If the meat cannot be used, it might mean added expense for some school districts.

Districts in North Dakota and several other states stopped using meat from Hallmark Meat Packing Co. and its associated Westland Meat Co. late last month under direction from the Agriculture Department, after a video showed workers brutalizing sick and crippled cows.

The Hallmark plant is being investigated for possible violation of laws designed to ensure food safety and prevent animal cruelty.

Westland sold more than 27 million pounds of beef last year for use in school lunch and other federal nutrition programs. USDA has extended a ban on use of meat from the Chino, Calif., slaughterhouse until Tuesday. It had been set to expire on Saturday.

In North Dakota, the meat has been left in freezers.

Jill Bruce, director of the food service program for Minot public schools, said that district will have to buy thousands of pounds of ground beef to get to the end of the school year if it does not receive permission to use the 65 40-pound cases of ground beef it has from the Hallmark plant.

The district already has had to buy 160 pounds of ground beef, she said.

"It's more of an inconvenience," Bruce said. "It's always been convenient to have the commodity beef."
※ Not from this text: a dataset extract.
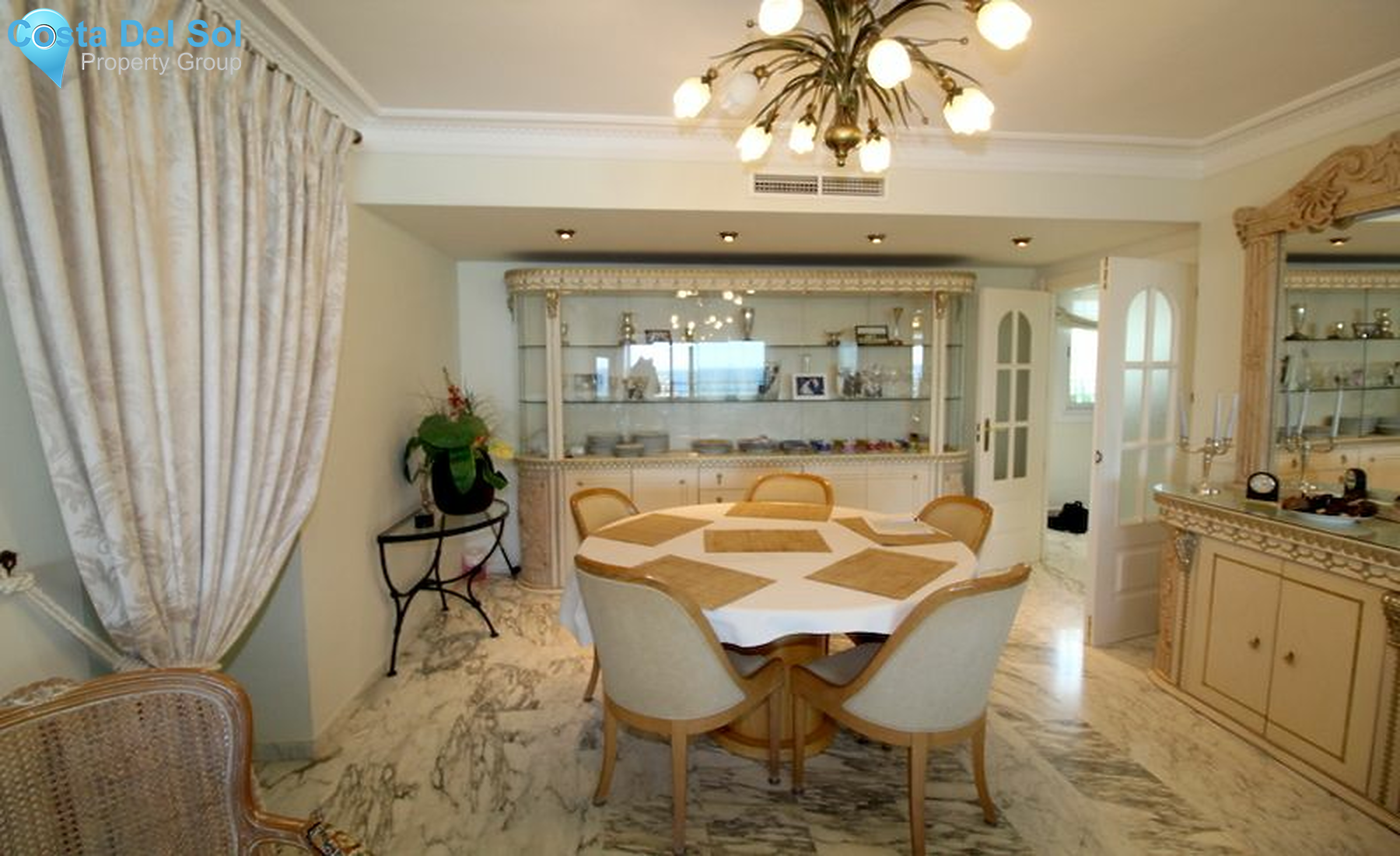 Middle Floor Apartment in The Golden Mile-1490125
Buying beef in small quantities also can be more expensive, Bruce said. If USDA decides the ground beef from the Hallmark plant cannot be used, the Minot district would ask for bids from local distributors for a large quantity, she said.

The Jamestown School District has more than 20 cases of the ground beef in its freezers that it cannot use, said Shelley Mack, food service director and dietitian.

"I was able to call other vendors and get ground beef in," she said. "Of course, cost wise, it's costing me, if you look at free versus … per week it's $500 plus."

Bismarck has 161 30-pound cases of "crumbles" - ground beef that is already prepared - in its freezers, said Doug Joersz, food service coordinator for the school district. The school has been using ground beef from another plant instead but has almost exhausted that supply.

"It certainly is an inconvenience," Joersz said. "You plan on using those products."

Statewide, 123 tons of ground beef valued at about $377,000 is affected by the USDA hold, according to Linda Schloer, director of child nutrition and food distribution programs for the North Dakota Department of Public Instruction. About one-third of the meat has been delivered to school and other commodity programs, and the rest is being stored in a warehouse, she said.

Schloer said calls to the department from school districts worried about the cost of having to buy other ground beef are isolated.

"It is a concern … if this goes on for an extended period of time," she said. "School districts do cover a lot of their ground beef needs through that commodity program."

Some smaller school districts get nearly all their ground beef through the program, Schloer said.

If USDA decides the meat cannot be used, the agency is likely to replace it, Schloer said. However, timing could be a problem as the end of the school year nears.

"If schools don't get the replacement until, say, the end of April, it's going to be difficult for them to use it," she said. "We don't recommend that schools carry over their frozen product into the next school year."